7. Il résulte de ce qui précède que l’arrêté du 18 avril 2023 doit être annulé.
Sur la substitution de motifs sollicitée en défense par la commune du Blanc-Mesnil :
8. D… le juge, saisi d’un moyen en ce sens, constate qu’une décision administrative est insuffisamment motivée, l’administration ne peut utilement lui demander de procéder à une substitution de motifs, laquelle ne saurait, en tout état de cause, remédier au vice de forme résultant de l’insuffisance de motivation.

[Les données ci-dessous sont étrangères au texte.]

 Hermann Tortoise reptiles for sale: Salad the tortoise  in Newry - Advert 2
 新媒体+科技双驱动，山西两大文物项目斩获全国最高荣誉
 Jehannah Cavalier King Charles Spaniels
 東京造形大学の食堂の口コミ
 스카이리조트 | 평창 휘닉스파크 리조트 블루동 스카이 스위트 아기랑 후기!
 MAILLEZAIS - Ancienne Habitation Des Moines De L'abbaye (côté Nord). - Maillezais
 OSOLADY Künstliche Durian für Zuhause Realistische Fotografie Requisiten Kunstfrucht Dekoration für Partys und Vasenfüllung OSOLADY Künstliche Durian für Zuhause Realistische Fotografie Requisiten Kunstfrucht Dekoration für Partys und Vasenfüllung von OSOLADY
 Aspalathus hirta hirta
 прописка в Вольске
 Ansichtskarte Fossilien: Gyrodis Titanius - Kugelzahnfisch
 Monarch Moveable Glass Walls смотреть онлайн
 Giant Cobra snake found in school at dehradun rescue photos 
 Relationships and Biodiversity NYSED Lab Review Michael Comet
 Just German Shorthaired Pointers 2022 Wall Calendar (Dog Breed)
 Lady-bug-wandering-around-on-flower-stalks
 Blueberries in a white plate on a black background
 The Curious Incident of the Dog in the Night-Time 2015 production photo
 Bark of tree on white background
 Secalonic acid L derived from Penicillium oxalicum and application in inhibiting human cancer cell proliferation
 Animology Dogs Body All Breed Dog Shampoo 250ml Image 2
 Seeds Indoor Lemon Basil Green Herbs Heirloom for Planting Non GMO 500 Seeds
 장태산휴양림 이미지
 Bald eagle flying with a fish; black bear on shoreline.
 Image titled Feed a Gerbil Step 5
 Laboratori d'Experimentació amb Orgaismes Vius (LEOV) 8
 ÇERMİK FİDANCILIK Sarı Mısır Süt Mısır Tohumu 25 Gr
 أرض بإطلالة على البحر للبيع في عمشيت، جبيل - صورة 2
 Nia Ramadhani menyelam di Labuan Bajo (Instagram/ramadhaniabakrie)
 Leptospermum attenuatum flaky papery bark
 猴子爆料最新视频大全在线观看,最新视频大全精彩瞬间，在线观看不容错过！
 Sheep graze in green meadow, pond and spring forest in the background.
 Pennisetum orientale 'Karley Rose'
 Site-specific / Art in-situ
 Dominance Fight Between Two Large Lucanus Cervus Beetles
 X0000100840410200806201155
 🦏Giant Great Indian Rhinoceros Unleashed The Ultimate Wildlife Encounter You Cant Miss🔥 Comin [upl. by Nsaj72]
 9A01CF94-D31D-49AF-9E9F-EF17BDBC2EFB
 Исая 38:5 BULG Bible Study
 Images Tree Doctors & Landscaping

9. La commune du Blanc-Mesnil ne saurait remédier au vice de forme relevé au point 4 du présent jugement en faisant valoir pour la première fois en défense les caractéristiques du projet qui le rendraient non conforme aux dispositions du PLU visées dans l’arrêté et en soutenant, par ailleurs, que la demande de permis de construire, qui concerne une construction existante irrégulière, devait porter sur l’ensemble des éléments de la construction à régulariser et que le projet méconnaît, outre les dispositions du PLU visées dans l’arrêté, les articles UG 7.6 relatif aux règles de places de stationnement, UG 7.2 relatif aux règles d’implantation des constructions par rapport aux limites séparatives dans la bande des 20 mètres, UG 4.2.3 relatif aux eaux pluviales, UG 6 relatif à l’implantation des constructions par rapport aux voies et emprises publiques du PLU. Par suite, la demande de substitution de motifs ne peut être accueillie.
Sur le surplus des moyens soulevés par le requérant et les motifs opposés par la commune du Blanc-Mesnil :
10. En premier lieu, aux termes de l’article 7.4 relatif au calcul des retraits dans la version du PLU en vigueur à la date de l’arrêté contesté : « (…) / 7.4.2. En cas de murs aveugles ou de façade comportant une baie secondaire, la distance mesurée perpendiculairement et horizontalement de tout point des façades au point de la limite séparative le plus rapproché doit être au moins égale à la moitié de la différence d’altitude entre ces deux points sans pouvoir être inférieure à 3m : L = H/2 ≥ 3m ». Aux termes de l’article 7.6 du même PLU relatif aux constructions existantes : « L’extension ou la surélévation d’un bâtiment existant ne répondant pas aux règles ci-avant définies est autorisée. Dans ce cas particulier, les marges de retrait par rapport aux limites séparatives définies aux article 7.2 à 7.5 pourront être réduites. Cependant, l’extension (ou la surélévation) ne doit pas aggraver la non-conformité avec la règle édictée et est limitée à 30m² de surface de plancher ». Il résulte de ces dispositions que la distance entre le mur aveugle ou la façade d’une construction comportant une baie secondaire et les limites séparatives ne peut être inférieure à 3 m. D… la construction existante n’est pas conforme à cette marge de retrait, l’extension ou la surélévation ne peut être réalisée que dans la limite de 30 m² de surface de plancher.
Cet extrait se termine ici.